Dgalvez/cuda graphs greedy rnnt inference squash #8191

galv · 2024-01-17T19:48:41Z

What does this PR do ?

Speeds up RNN-T greedy decoding greatly by eliminating the 90% of the time that the GPU is idle, waiting on the CPU, via cuda graphs with conditional nodes.

Here are some results for transcribing librispeech test other, a 5.4 hour dataset, on an A100, with bfloat16, at batch size 16:

You can see that we get a 3.125x speed up with a 600 million parameter model, and a 2.65x speedup with a 1.1 billion parameter model.

This benchmark comes from running the following. Note that I exclude the time required to create the cuda graph from the timing measurement. This fits an inference use case where that is a one time task.

for model_name in stt_en_fastconformer_transducer_xlarge nvidia/parakeet-rnnt-1.1b; do
for use_cuda_graph_decoder in false true; do
for amp in true; do
for batch_size in 16; do
echo "GALVEZ: ${model_name} fast:${use_cuda_graph_decoder}"
$(which python) examples/asr/speech_to_text_eval.py  pretrained_name=$model_name dataset_manifest=/home/dgalvez/scratch/data/test_other.json  batch_size=$batch_size  output_filename=test_other_decoded.js\
onl  amp=$amp  amp_dtype=bfloat16  rnnt_decoding.greedy.use_cuda_graph_decoder=$use_cuda_graph_decoder  use_cer=false num_workers=1
done
done
done
done

This is a squashing of #7976 . I wanted to squash that, but unfortunately I reference a few commits in various bugs I filed, and didn't want the links to break.

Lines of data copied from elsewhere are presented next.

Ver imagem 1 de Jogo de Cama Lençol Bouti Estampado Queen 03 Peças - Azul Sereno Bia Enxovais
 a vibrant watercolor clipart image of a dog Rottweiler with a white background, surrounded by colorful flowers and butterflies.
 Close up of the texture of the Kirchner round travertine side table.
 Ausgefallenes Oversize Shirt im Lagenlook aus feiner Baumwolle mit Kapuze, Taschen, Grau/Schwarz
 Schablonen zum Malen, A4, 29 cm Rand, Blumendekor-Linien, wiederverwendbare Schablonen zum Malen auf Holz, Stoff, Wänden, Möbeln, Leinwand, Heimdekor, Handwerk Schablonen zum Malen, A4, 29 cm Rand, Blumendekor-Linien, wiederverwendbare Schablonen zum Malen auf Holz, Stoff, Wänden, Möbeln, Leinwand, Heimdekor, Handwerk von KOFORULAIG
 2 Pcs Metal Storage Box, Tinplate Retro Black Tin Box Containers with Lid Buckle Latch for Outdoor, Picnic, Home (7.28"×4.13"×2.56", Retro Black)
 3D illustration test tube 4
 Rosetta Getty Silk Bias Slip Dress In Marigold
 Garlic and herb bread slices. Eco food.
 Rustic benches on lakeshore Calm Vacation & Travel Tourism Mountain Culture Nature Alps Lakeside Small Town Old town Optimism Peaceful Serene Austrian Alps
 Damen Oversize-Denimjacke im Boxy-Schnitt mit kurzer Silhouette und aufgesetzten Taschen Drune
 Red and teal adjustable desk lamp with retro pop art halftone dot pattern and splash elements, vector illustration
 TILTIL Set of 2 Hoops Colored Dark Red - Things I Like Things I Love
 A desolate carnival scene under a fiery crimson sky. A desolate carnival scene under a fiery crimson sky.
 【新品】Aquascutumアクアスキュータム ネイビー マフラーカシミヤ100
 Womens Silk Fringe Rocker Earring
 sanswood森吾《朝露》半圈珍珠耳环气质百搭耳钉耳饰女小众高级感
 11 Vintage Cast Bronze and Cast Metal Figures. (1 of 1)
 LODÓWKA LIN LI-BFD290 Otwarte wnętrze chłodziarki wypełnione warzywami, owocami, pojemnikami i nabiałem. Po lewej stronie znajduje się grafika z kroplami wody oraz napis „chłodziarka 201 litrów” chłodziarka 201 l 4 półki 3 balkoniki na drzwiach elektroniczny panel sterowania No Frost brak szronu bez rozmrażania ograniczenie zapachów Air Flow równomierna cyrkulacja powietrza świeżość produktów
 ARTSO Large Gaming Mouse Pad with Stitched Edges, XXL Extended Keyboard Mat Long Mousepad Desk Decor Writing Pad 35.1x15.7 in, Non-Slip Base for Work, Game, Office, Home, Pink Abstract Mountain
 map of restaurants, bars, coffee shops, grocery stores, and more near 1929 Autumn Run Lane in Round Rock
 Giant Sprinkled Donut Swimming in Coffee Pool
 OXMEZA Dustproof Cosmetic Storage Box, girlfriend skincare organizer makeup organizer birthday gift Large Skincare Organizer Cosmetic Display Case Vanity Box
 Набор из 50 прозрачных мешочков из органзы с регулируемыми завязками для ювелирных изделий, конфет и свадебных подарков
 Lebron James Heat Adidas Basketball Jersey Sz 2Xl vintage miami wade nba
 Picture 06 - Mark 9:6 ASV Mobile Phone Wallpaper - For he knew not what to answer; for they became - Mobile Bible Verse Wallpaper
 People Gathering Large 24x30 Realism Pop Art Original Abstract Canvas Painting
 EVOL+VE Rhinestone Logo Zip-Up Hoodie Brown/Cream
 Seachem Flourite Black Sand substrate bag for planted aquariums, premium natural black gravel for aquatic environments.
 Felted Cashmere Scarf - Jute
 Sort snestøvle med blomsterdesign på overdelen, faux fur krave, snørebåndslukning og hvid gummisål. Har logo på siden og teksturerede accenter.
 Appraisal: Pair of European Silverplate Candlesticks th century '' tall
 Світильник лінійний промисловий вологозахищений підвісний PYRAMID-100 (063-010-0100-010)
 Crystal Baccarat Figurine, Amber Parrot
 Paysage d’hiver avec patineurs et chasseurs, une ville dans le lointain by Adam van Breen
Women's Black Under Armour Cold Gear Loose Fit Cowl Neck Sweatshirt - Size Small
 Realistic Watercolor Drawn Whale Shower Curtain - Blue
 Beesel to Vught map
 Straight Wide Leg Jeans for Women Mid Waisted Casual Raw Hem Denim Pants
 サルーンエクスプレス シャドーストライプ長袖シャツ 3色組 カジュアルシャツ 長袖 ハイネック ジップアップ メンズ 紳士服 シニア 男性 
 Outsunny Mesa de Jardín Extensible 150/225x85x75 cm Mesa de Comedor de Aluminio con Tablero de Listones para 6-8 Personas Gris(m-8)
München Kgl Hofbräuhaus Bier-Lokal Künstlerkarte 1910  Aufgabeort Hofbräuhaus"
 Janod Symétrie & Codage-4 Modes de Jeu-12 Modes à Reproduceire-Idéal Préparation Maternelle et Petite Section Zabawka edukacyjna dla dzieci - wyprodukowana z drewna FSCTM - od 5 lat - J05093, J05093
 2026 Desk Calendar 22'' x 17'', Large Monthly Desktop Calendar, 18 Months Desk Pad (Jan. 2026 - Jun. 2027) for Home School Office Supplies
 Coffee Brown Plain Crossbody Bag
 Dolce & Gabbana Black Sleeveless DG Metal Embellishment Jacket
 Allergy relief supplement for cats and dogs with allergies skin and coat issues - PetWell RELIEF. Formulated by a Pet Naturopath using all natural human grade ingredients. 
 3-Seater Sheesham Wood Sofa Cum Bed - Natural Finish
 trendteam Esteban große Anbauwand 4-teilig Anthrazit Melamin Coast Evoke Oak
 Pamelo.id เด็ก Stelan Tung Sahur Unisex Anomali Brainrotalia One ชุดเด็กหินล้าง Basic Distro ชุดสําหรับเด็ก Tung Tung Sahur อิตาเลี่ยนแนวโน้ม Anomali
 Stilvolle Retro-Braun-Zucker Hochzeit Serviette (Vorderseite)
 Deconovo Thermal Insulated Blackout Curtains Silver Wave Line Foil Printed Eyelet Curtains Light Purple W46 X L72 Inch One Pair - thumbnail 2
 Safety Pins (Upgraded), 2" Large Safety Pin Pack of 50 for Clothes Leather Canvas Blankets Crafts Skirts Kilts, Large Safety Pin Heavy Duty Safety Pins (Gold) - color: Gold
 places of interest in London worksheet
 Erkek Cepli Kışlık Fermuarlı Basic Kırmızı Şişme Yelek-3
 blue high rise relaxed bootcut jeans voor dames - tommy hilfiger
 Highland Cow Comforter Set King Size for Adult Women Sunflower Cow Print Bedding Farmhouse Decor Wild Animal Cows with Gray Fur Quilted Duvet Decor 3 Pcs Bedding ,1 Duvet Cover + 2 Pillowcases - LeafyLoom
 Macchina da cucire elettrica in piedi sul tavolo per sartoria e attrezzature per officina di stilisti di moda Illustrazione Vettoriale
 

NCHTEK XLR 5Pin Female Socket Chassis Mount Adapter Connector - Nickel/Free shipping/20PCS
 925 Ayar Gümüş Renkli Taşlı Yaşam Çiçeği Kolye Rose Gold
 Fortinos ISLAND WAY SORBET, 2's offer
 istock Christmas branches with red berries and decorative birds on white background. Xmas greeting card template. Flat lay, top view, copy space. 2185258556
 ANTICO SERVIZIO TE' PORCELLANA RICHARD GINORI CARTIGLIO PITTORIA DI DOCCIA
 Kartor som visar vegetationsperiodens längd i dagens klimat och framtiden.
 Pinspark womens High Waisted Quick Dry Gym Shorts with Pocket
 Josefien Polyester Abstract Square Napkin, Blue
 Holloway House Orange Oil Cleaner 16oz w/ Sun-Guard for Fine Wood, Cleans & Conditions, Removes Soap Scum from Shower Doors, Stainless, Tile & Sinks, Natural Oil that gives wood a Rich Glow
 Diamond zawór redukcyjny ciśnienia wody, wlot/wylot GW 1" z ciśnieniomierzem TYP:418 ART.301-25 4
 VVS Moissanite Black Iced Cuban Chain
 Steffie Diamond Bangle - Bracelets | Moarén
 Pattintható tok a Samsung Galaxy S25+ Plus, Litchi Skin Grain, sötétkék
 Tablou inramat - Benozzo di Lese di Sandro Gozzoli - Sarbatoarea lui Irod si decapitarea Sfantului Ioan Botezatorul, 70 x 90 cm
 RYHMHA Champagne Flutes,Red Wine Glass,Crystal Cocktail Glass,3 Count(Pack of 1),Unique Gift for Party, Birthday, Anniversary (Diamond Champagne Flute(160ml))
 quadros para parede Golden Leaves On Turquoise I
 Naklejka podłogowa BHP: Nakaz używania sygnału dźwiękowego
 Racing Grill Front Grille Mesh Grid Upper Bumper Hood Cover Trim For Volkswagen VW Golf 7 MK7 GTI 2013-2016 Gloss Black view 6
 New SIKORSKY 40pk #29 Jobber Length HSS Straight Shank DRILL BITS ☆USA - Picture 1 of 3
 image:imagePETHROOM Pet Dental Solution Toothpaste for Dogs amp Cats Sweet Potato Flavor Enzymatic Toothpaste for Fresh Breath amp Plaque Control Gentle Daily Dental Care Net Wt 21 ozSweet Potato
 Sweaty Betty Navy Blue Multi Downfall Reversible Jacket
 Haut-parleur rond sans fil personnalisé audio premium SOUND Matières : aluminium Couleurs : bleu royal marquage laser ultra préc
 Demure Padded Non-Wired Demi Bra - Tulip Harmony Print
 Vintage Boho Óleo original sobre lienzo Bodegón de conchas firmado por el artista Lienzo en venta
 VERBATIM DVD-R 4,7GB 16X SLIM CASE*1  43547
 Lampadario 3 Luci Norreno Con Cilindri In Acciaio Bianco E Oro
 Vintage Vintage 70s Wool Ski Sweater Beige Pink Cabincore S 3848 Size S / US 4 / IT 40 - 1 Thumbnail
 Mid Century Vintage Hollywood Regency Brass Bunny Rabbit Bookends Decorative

Collection: ASR. Adds some utils for cuda-python to common.

Changelog

Adds a new class RNNTGreedyDecodeCudaGraph, which uses cuda graphs with conditional nodes to remove the CPU overhead.

Usage

You can potentially add a usage example below

python examples/asr/speech_to_text_eval.py \
  pretrained_name=stt_en_fastconformer_transducer_xlarge \
  dataset_manifest=/home/dgalvez/scratch/data/test_other.json \
  batch_size=16 \
  output_filename=test_other_decoded.jsonl \
  amp=true  amp_dtype=bfloat16 \
  rnnt_decoding.greedy.loop_labels=false \
  rnnt_decoding.greedy.use_cuda_graph_decoder=true \
  use_cer=false num_workers=1

Jenkins CI

To run Jenkins, a NeMo User with write access must comment jenkins on the PR.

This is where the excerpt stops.